I’m using rest framework with its add-on for easy jwt work:
SIMPLE_JWT = {
"ACCESS_TOKEN_LIFETIME": timedelta(hours=1),
"REFRESH_TOKEN_LIFETIME": timedelta(days=1),
'ROTATE_REFRESH_TOKENS': False,
"AUTH_HEADER_TYPES": ("JWT",),
"ALGORITHM": "HS512",
'AUTH_COOKIE': 'access_token', # Cookie name. Enables cookies if value is set.
'AUTH_COOKIE_DOMAIN': None, # A string like "example.com", or None for standard domain cookie.
'AUTH_COOKIE_SECURE': True, # Whether the auth cookies should be secure (https:// only).
'AUTH_COOKIE_HTTP_ONLY': True, # Http only cookie flag.It's not fetch by javascript.
'AUTH_COOKIE_PATH': '/', # The path of the auth cookie.

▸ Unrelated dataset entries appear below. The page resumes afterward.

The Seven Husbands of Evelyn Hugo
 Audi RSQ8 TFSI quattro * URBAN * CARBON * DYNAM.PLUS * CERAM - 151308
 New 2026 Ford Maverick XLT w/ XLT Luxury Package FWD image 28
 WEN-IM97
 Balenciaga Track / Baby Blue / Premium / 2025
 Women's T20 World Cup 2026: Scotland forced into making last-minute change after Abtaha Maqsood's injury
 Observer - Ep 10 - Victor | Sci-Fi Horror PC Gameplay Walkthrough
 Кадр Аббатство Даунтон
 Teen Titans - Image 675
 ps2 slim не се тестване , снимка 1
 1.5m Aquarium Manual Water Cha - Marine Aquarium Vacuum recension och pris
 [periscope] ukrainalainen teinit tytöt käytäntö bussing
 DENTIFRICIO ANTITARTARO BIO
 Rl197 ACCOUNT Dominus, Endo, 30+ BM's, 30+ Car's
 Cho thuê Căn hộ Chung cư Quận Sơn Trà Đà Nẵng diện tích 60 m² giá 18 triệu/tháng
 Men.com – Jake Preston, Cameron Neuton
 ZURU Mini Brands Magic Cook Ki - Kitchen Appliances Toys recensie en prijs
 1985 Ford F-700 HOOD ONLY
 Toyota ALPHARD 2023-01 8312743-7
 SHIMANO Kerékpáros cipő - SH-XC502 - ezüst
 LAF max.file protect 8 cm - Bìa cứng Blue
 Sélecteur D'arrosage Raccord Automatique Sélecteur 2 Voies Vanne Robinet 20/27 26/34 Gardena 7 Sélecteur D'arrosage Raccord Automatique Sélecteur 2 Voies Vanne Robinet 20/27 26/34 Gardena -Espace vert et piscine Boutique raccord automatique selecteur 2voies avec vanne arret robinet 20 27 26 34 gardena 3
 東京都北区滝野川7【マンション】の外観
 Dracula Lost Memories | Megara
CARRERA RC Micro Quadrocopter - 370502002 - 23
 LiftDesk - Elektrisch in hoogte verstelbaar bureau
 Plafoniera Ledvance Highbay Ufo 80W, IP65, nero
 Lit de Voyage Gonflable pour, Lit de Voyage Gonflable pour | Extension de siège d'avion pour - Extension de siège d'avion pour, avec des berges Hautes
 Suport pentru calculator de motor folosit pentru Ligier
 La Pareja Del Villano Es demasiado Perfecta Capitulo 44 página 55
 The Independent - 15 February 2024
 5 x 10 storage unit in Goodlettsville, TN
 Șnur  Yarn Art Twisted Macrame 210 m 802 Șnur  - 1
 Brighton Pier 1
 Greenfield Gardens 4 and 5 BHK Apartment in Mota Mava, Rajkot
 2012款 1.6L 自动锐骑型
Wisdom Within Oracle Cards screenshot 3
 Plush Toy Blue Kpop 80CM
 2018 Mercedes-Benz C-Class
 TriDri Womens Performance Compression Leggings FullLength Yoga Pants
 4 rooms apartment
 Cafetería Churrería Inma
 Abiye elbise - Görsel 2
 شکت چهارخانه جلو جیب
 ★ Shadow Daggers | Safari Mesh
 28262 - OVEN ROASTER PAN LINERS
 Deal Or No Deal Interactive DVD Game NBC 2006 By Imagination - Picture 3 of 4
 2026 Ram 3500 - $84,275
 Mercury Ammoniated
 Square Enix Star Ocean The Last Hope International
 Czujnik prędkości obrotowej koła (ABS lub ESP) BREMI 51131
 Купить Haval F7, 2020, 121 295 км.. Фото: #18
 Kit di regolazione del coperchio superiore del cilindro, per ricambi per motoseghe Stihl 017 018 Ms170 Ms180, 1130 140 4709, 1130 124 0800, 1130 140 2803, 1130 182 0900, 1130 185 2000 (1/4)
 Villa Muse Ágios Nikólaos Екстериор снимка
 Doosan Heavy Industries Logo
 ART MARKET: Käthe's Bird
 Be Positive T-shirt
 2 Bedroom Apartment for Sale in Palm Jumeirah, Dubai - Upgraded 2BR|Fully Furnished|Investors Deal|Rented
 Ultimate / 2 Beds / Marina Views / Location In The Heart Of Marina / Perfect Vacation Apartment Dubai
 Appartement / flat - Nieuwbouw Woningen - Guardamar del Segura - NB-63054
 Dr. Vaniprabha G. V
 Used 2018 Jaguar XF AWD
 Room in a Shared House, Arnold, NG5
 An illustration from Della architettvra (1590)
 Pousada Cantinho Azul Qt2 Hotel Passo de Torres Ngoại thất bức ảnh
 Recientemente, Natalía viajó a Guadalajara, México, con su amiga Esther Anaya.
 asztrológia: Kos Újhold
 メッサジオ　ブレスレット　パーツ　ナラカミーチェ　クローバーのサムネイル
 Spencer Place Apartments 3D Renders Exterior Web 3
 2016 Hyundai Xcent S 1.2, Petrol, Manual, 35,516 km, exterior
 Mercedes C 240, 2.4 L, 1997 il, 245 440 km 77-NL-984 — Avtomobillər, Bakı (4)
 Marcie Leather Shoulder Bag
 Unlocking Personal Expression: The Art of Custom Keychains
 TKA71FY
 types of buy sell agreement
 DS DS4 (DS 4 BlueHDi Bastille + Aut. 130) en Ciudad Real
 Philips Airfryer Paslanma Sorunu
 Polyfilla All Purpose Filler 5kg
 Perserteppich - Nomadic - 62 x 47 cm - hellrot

'AUTH_COOKIE_SAMESITE': 'Lax', # Whether to set the flag restricting cookie leaks on cross-site requests.
}
А JWT token return to user from my login view:
def post(self, request, format=None):
data = request.data
response = Response()
username = data.get('username', None)
password = data.get('password', None)
user = authenticate(username=username, password=password)
if user is not None:
if user.is_active:
data = get_tokens_for_user(user)
response.set_cookie(
key=settings.SIMPLE_JWT['AUTH_COOKIE'],
value=data["access"],
expires=settings.SIMPLE_JWT['ACCESS_TOKEN_LIFETIME'],
secure=settings.SIMPLE_JWT['AUTH_COOKIE_SECURE'],
httponly=settings.SIMPLE_JWT['AUTH_COOKIE_HTTP_ONLY'],
samesite=settings.SIMPLE_JWT['AUTH_COOKIE_SAMESITE']
)
csrf.get_token(request)
response.data = {"Success": "Login successfully", "data": data}
return response
else:
return Response({"No active": "This account is not active!!"}, status=status.HTTP_404_NOT_FOUND)
else:
return Response({"Invalid": "Invalid username or password!!"}, status=status.HTTP_404_NOT_FOUND)
My main question is that on the server it is expected that the request body will have an Authorisation header with JWT prefix and token accordingly, httpOnly cookie can only be attached as a cookie to the request?